Caution, words carry meaning

Lirona Joshi

Staff Writer

Ever since being elected into the office, the President of the United States (POTUS) has used the rhetorical phrase “witch hunt” to refer to any efforts made to investigate the legitimacy of his presidency. The phrase had been made almost synonymous to the Robert Mueller probe into the Russian interference in the 2016 election and has most recently been used to describe the impeachment proceedings.

Previously, the President’s use of simple language void of political jargon in his speeches has made it easier for the general audience to understand a lot of the political processes. 

However, the frequent use of terms that trace back to historical suppression of minorities hints at a more morbid reality of appropriating victimhood by the President.

President Trump tends to refer to the persecution of minorities only when he himself is being attacked. However, no matter how the POTUS feels about the challenges and attacks he continually seems to attract in his political crusade, his use of rhetoric linked to abhorrent suppressions is derogating the plight historically faced by these groups.

Witch hunt, although having dispersed origins, in historical context, is used to refer to the public execution of individuals on the grounds of accusations of practicing witchcraft. 

From the early Middle Age to the 18th century European and colonial North American prosecutions, witch hunts were targeted at minority groups with individuals from lower economic classes of European societies and especially women. 

A 2001 book asserted that a “typical witch was the wife or widow of an agricultural laborer or small tenant farmer, and she was well known for a quarrelsome and aggressive nature.” 

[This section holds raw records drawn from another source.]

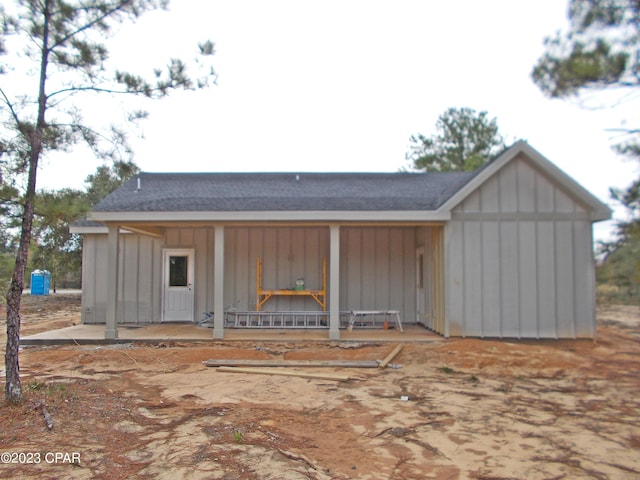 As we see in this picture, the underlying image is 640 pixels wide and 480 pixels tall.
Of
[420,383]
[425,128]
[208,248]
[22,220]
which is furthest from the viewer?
[425,128]

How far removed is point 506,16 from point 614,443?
6520mm

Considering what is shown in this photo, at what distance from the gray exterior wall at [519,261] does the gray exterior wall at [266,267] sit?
2359mm

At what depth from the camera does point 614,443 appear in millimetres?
4383

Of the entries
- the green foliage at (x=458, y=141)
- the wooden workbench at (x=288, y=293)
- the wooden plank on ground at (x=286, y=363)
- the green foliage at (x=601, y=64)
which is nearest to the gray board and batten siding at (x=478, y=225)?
the wooden workbench at (x=288, y=293)

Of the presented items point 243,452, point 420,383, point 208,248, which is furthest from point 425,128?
point 243,452

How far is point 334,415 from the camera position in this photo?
5.18 m

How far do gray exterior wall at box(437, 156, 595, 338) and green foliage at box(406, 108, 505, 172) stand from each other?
79.7ft

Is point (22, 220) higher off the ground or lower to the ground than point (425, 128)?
lower

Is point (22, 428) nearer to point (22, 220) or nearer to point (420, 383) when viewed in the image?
point (22, 220)

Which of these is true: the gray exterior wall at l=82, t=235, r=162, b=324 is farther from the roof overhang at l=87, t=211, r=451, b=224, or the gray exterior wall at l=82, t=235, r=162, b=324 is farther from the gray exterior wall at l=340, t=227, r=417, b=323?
the gray exterior wall at l=340, t=227, r=417, b=323

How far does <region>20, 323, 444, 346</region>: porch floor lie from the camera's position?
29.7 feet

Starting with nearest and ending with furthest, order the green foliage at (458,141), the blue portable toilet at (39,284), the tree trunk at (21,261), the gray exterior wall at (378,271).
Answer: the tree trunk at (21,261) < the gray exterior wall at (378,271) < the blue portable toilet at (39,284) < the green foliage at (458,141)

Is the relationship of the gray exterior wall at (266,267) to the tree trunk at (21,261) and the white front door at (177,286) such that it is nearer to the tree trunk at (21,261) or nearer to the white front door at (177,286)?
the white front door at (177,286)

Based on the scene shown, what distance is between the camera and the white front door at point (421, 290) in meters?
10.6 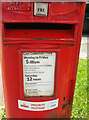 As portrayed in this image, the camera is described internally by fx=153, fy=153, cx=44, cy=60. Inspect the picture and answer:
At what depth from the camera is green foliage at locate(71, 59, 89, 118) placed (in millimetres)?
2406

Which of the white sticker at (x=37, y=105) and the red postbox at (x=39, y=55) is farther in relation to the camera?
the white sticker at (x=37, y=105)

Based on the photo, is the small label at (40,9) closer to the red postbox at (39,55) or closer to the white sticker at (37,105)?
the red postbox at (39,55)

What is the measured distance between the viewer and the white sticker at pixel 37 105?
158cm

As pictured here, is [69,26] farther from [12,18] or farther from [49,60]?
[12,18]

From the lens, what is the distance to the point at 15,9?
120 cm

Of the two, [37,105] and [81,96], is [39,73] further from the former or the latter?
[81,96]

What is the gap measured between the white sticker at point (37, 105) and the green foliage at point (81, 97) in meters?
0.90

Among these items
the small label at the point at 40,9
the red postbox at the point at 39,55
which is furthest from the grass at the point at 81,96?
the small label at the point at 40,9

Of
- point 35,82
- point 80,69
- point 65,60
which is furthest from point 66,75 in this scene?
point 80,69

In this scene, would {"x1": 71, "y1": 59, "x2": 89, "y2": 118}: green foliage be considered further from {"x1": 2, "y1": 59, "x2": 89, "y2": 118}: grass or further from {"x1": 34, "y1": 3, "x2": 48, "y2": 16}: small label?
{"x1": 34, "y1": 3, "x2": 48, "y2": 16}: small label

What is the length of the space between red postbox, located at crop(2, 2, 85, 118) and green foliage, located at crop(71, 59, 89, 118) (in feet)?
2.62

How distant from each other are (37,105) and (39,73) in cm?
37

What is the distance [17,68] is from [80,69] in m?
2.60

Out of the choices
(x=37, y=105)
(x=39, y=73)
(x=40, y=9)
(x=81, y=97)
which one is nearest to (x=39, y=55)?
(x=39, y=73) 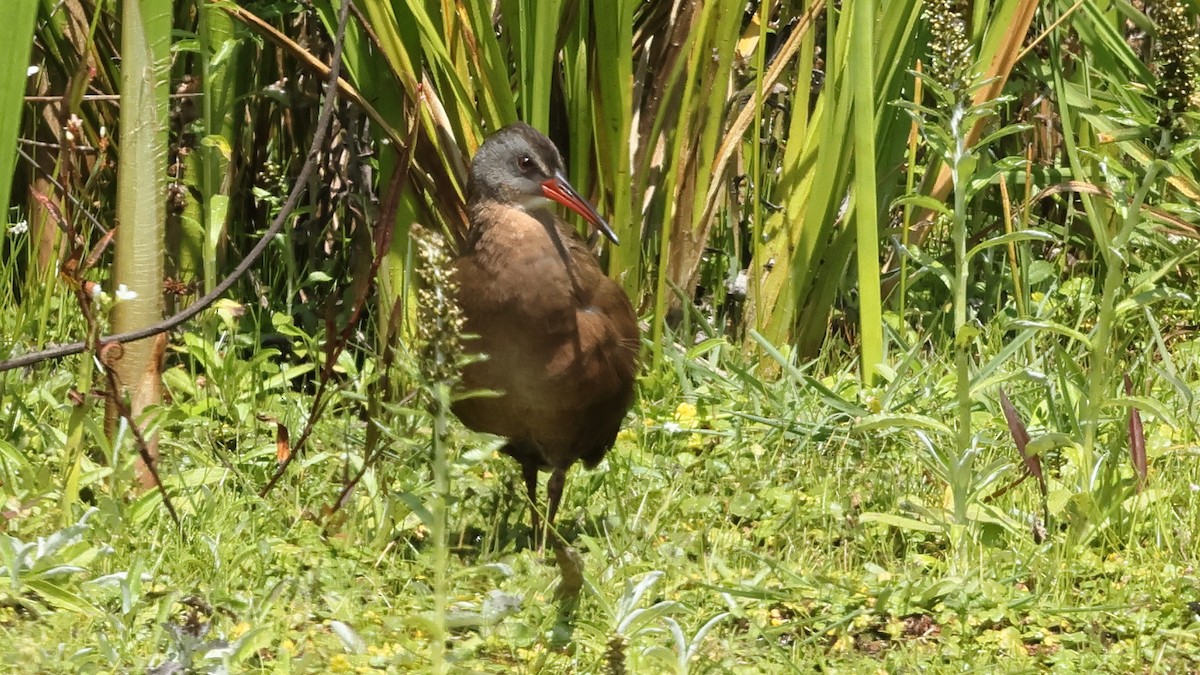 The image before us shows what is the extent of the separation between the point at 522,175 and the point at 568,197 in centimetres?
15

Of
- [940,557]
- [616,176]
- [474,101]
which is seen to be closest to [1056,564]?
[940,557]

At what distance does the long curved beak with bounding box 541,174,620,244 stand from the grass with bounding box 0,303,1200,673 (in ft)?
1.98

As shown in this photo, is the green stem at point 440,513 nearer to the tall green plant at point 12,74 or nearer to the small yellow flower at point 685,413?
the tall green plant at point 12,74

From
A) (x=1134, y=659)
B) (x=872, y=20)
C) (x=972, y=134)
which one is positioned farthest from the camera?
(x=972, y=134)

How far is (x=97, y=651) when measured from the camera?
2.72 m

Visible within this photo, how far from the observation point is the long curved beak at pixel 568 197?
13.5ft

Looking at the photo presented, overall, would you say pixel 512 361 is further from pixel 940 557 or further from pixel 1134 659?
pixel 1134 659

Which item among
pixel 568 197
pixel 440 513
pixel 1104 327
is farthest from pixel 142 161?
pixel 1104 327

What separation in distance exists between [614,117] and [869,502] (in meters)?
1.31

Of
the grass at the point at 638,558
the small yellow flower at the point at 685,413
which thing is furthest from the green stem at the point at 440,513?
the small yellow flower at the point at 685,413

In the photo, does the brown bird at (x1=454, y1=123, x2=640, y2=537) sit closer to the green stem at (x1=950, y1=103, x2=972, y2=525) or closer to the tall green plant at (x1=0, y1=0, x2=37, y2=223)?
the green stem at (x1=950, y1=103, x2=972, y2=525)

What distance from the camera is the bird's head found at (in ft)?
13.4

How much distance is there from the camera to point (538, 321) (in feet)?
12.4

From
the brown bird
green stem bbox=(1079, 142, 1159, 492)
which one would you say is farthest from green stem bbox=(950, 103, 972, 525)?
the brown bird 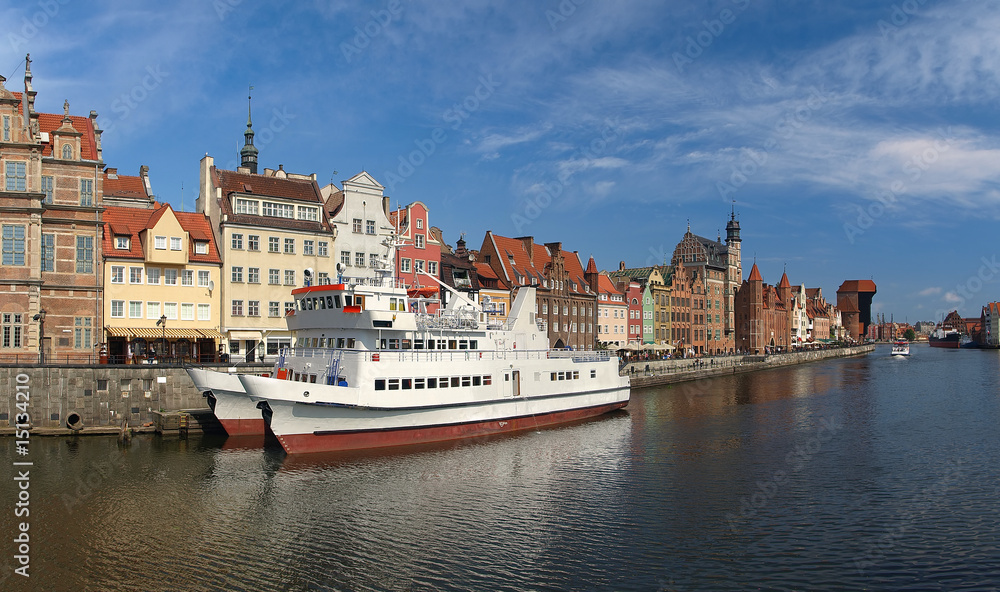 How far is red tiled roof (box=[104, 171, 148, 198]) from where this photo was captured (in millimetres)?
60469

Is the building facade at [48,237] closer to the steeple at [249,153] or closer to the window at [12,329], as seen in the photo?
the window at [12,329]

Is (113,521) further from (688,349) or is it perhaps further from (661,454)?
(688,349)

The idea was a group of vigilantes taking legality in their own hands using methods like live burning of individuals either on the belief of them practicing witchcraft or any obscure allegation with an ulterior motive. 

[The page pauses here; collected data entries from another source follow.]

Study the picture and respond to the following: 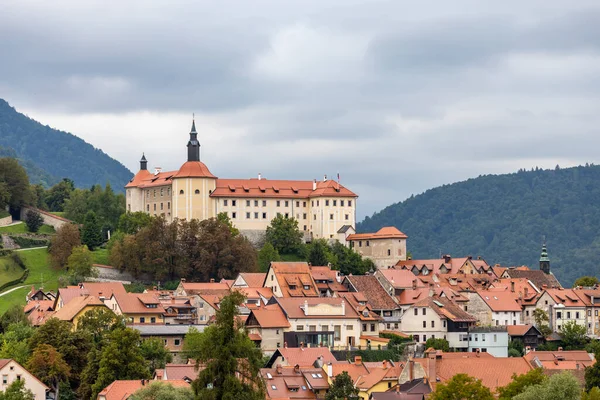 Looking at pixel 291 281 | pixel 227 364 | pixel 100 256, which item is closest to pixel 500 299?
pixel 291 281

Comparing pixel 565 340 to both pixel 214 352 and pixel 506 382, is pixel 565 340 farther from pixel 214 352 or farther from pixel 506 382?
pixel 214 352

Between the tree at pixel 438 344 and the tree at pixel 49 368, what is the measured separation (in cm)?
2934

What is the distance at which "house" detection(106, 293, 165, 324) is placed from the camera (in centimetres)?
10044

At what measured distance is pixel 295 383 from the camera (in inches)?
3100

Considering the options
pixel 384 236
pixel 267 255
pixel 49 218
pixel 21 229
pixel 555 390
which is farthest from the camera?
pixel 49 218

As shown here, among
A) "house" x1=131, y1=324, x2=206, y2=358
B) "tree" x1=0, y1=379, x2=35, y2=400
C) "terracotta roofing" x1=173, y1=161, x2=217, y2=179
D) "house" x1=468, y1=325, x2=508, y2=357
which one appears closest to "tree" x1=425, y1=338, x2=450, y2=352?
"house" x1=468, y1=325, x2=508, y2=357

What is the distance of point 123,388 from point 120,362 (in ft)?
16.8

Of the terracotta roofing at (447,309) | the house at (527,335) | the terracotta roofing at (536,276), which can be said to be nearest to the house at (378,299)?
the terracotta roofing at (447,309)

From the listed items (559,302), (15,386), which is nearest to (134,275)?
(559,302)

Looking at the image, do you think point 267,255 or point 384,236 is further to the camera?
point 384,236

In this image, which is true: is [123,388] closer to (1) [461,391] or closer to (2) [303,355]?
(2) [303,355]

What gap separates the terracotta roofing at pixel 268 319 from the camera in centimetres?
9562

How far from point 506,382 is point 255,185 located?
68660mm

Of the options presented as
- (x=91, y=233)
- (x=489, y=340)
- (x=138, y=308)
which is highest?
(x=91, y=233) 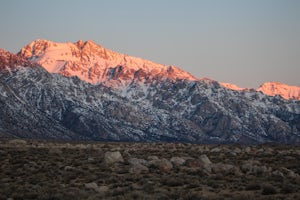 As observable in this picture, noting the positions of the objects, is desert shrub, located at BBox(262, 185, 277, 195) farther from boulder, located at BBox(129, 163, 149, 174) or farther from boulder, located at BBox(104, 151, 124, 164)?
boulder, located at BBox(104, 151, 124, 164)

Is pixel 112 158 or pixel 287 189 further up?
pixel 287 189

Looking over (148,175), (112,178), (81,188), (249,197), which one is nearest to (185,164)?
(148,175)

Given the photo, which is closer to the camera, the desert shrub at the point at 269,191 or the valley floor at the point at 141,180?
the valley floor at the point at 141,180

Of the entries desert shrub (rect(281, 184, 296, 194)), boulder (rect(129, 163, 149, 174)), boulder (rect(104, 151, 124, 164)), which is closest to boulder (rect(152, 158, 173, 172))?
boulder (rect(129, 163, 149, 174))

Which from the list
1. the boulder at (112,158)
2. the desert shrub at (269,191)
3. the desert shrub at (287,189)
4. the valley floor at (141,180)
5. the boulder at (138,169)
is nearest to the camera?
the valley floor at (141,180)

Yes, English is an artsy language where words can be metaphorical and symbolic. However, connoting a rival’s political action that by all means is a legal democratic procedure to an act that was a mob rule that resulted in death of thousands of innocent individuals usually without any fair trials is an alarming attempt by the President to both downplay the graveness of the actual event, and then again a pitiful one to garner sympathy.

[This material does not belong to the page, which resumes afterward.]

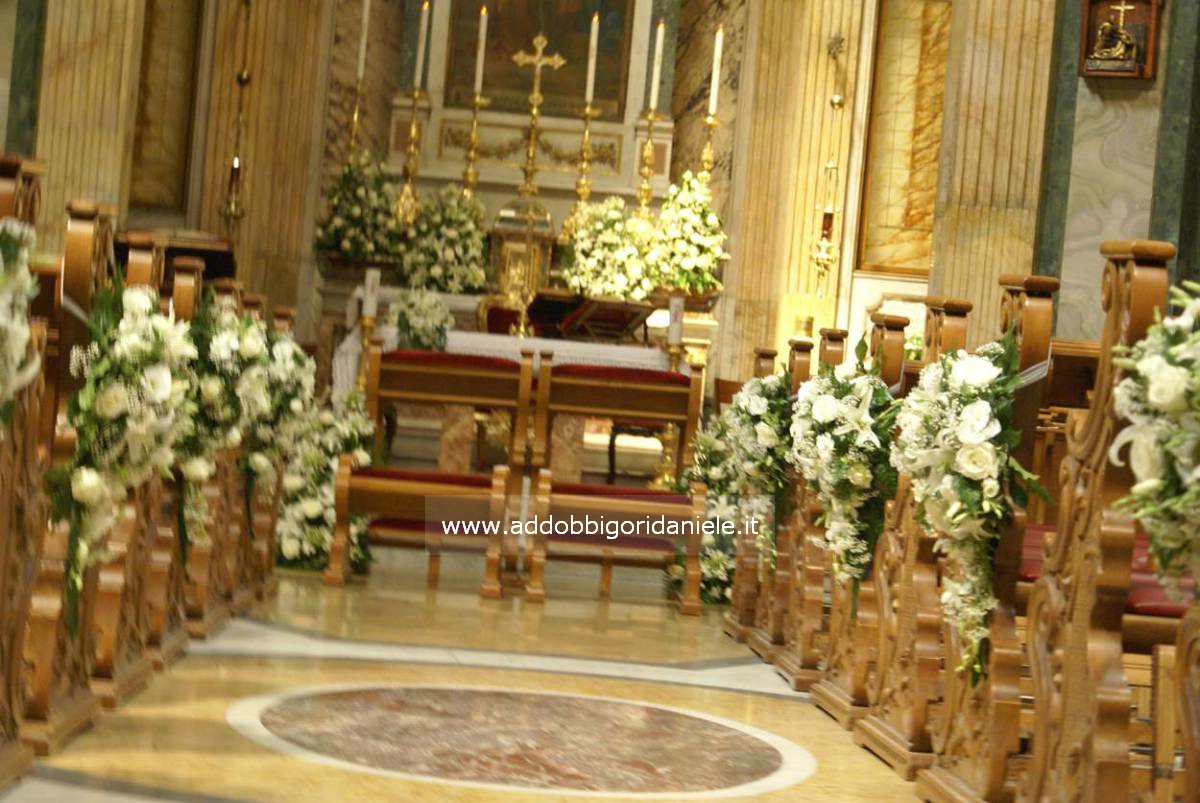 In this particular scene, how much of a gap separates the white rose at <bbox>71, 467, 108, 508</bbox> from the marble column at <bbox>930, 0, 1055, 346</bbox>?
5925 millimetres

For individuals who say, “Well, why so much fuss? It is just a word,” let’s talk about the offhanded use of the word lynching. POTUS, in his tweet from Oct. 22, wrote, “…All Republicans must remember what they are witnessing here – a lynching. But we will WIN!” 

Lynching, by definition, is a premeditated extrajudicial killing by a group. 

For the United States, this word especially strikes a nerve because of its close association with suppression of African Americans and other minority communities for decades. 

Most of these killings occurred without any fair trial for the accused who were targeted based on their skin color. People were hanged and tortured till death in front of an audience. 

According to the Tuskegee Institute, 4,743 people were killed between 1882 and 1968. The POTUS compares this inhumane killing, which by the way, occurred the last time as late as 198, where today individuals whose grandparents and parents had to witness this are still alive, to a political process that is by all means ratified by the democratic constitution.

Yes, the President might find the humdrum surrounding his tenure unnerving and maybe unfair on himself. But the use of words like lynching and witch hunt for his political inconveniences undermines the years of struggle of injustice people of color and women had to go through. These events, although in history, have had a significant impact in shaping the suffrage movements of these groups. 

The phrase “witch hunt” and the word “lynching” are not just blotches in Western history; they were the shackles that minorities had to break through to gain equal rights as human beings. 

Every time the POTUS or any other politician loosely uses the oppressive terms to denote a political inconvenience they face, they are not only appropriating the harrowing acts but are also undermining the graveness and thoughtfulness we should be remembering the minority suffrages with.